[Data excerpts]
• • • •

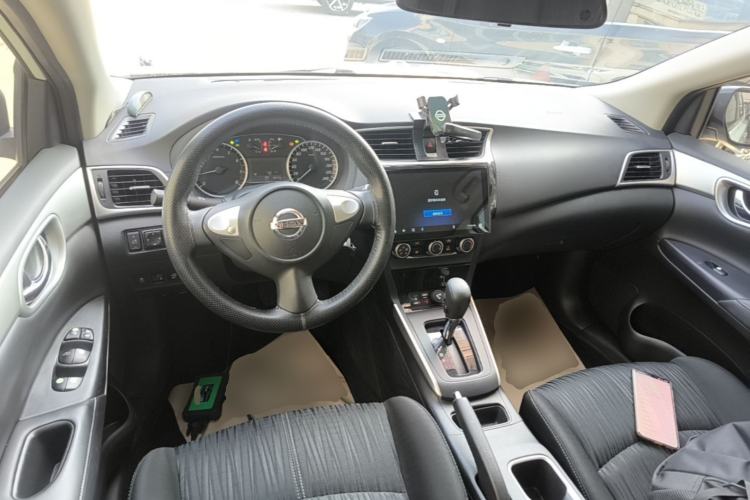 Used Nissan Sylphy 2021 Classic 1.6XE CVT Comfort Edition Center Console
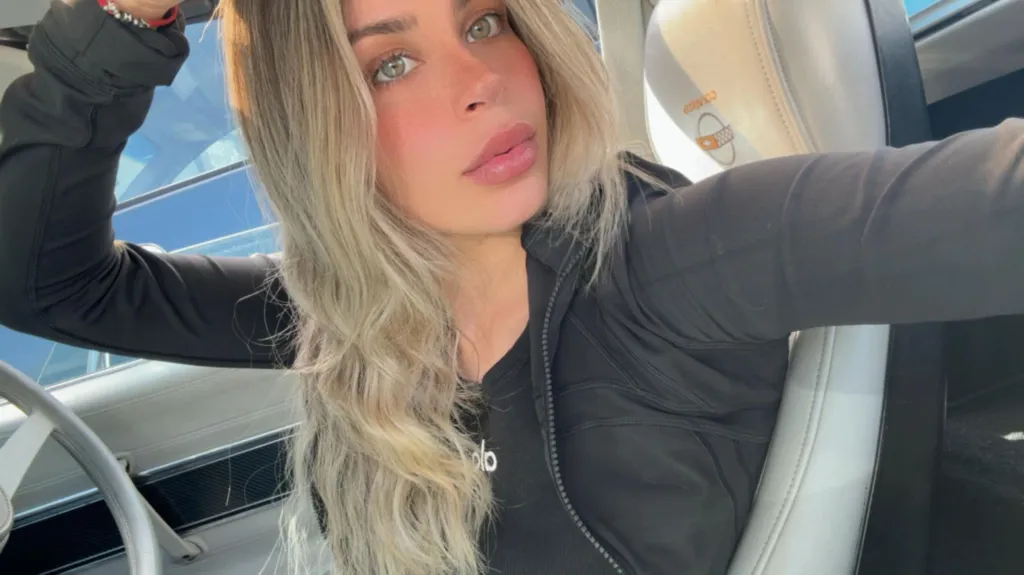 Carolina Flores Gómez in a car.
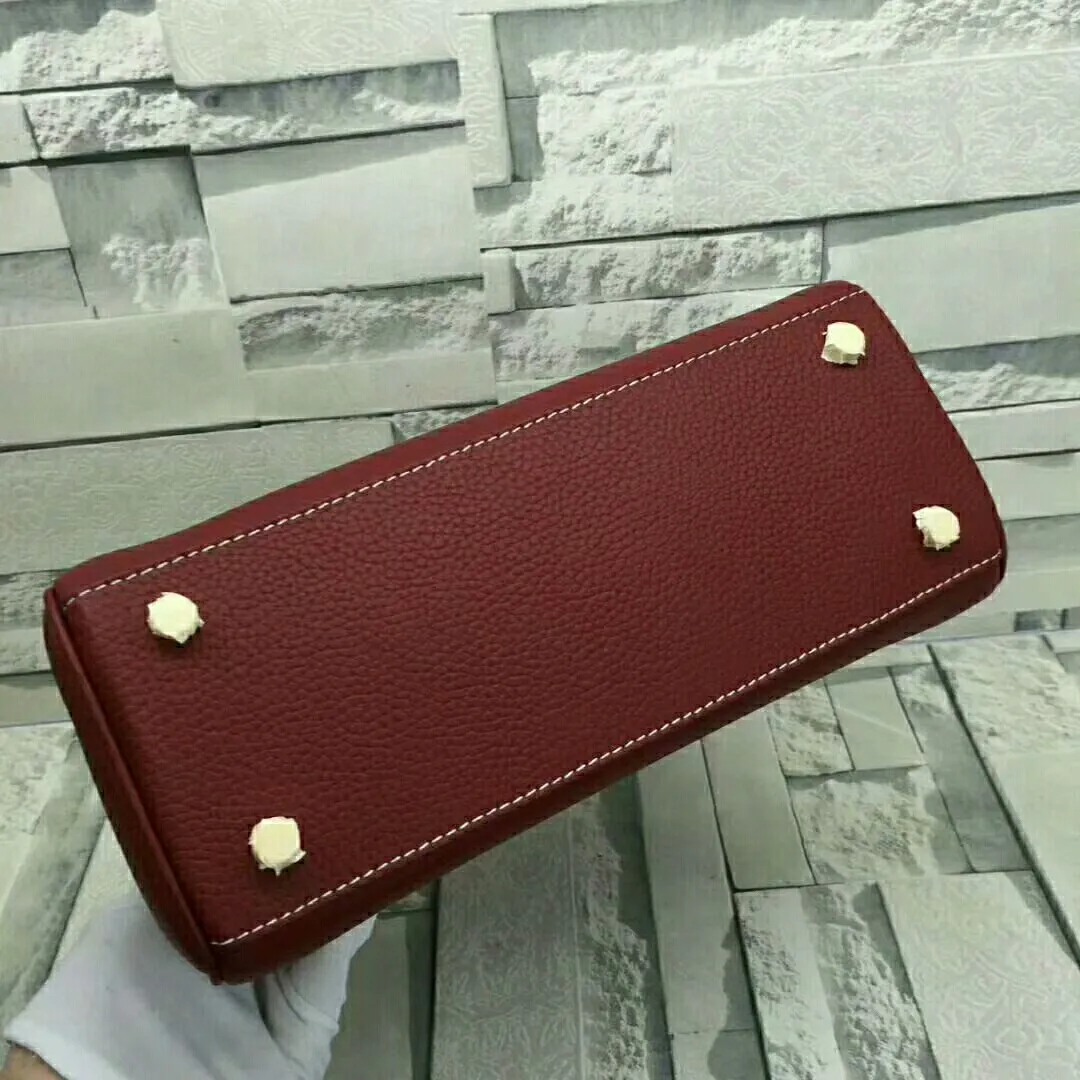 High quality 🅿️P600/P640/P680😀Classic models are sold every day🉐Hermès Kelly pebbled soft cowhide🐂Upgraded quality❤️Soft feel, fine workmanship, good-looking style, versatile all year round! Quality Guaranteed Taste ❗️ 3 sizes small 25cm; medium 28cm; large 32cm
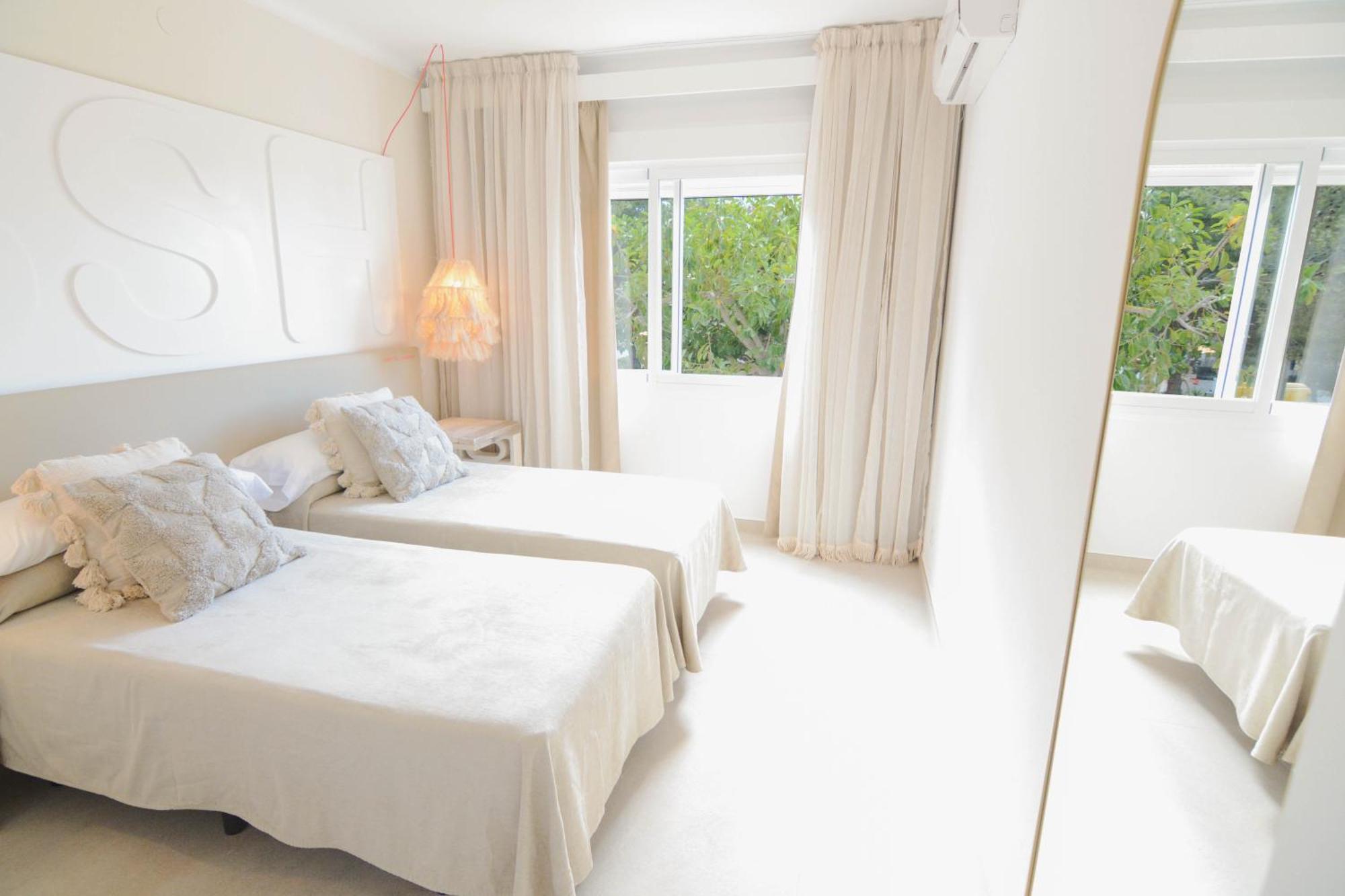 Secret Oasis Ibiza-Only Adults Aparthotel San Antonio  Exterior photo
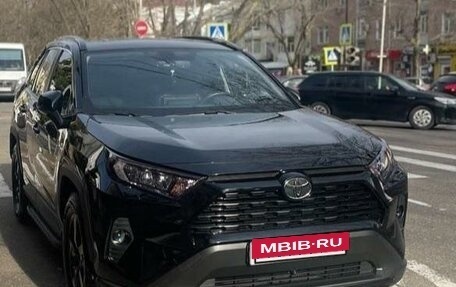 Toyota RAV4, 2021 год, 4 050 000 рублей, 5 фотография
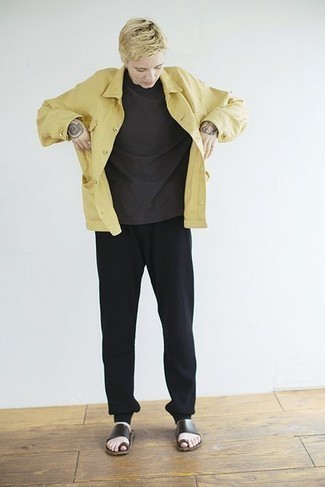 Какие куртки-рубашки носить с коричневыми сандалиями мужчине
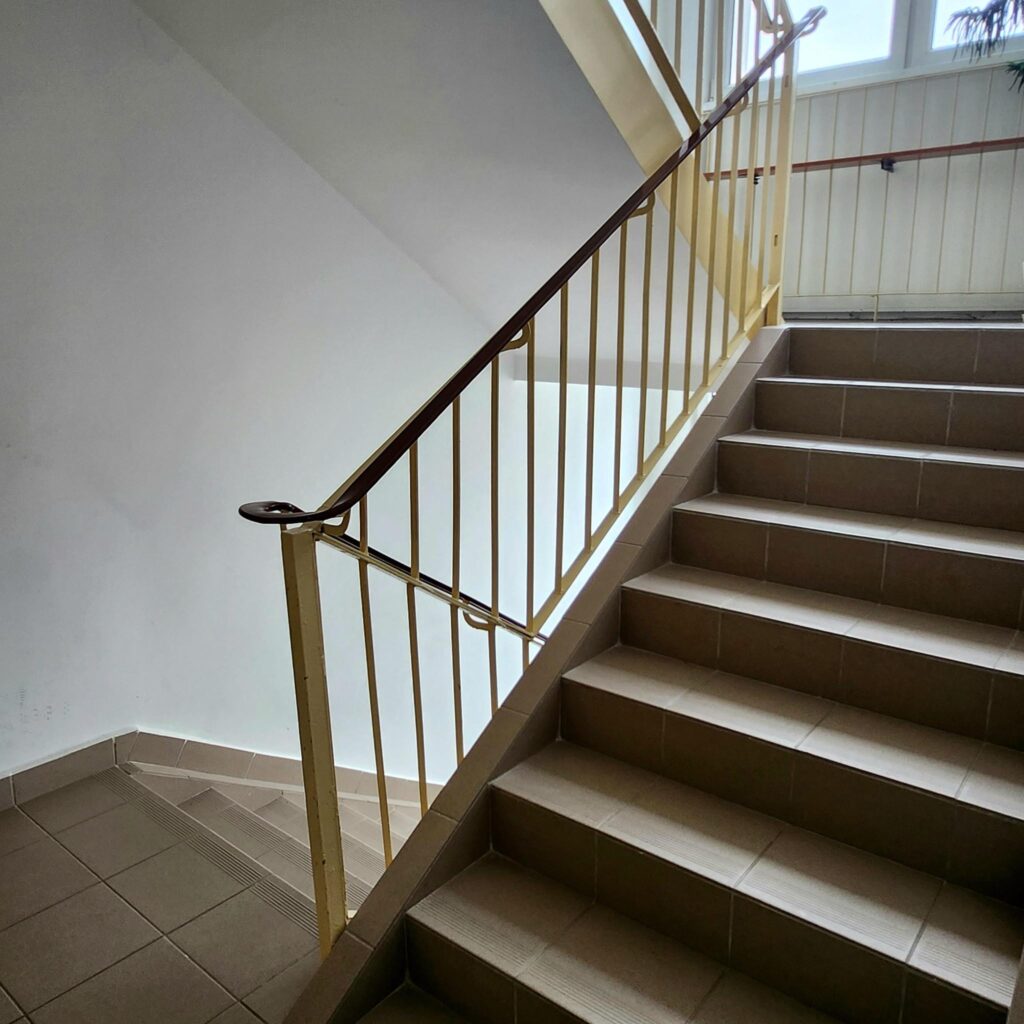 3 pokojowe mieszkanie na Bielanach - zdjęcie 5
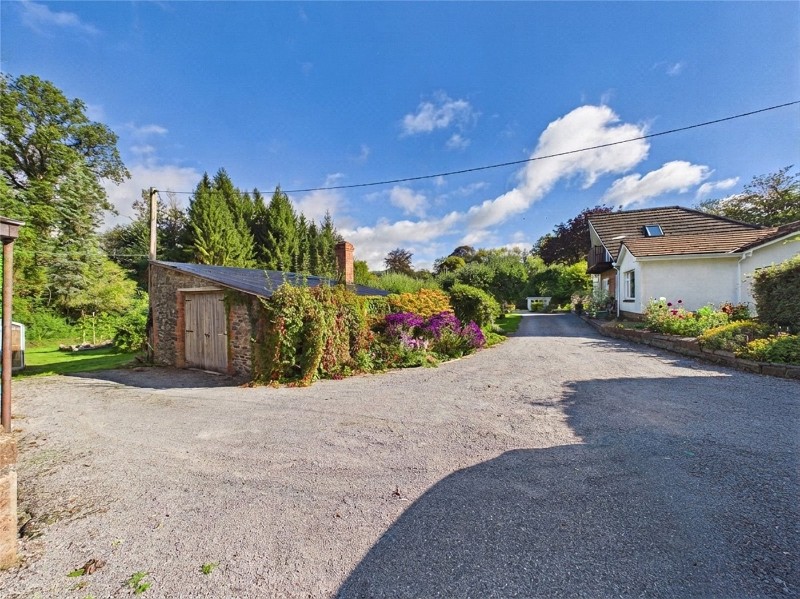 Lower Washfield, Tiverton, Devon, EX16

• • • •

Exercise prompt
Word for word, restate the lines from the line with "Carolina Flores Gómez in a car." through the last line of the entries, and nothing beyond them. Omit pictures.

Answer box
 Carolina Flores Gómez in a car.
 High quality 🅿️P600/P640/P680😀Classic models are sold every day🉐Hermès Kelly pebbled soft cowhide🐂Upgraded quality❤️Soft feel, fine workmanship, good-looking style, versatile all year round! Quality Guaranteed Taste ❗️ 3 sizes small 25cm; medium 28cm; large 32cm
 Secret Oasis Ibiza-Only Adults Aparthotel San Antonio  Exterior photo
 Toyota RAV4, 2021 год, 4 050 000 рублей, 5 фотография
 Какие куртки-рубашки носить с коричневыми сандалиями мужчине
 3 pokojowe mieszkanie na Bielanach - zdjęcie 5
 Lower Washfield, Tiverton, Devon, EX16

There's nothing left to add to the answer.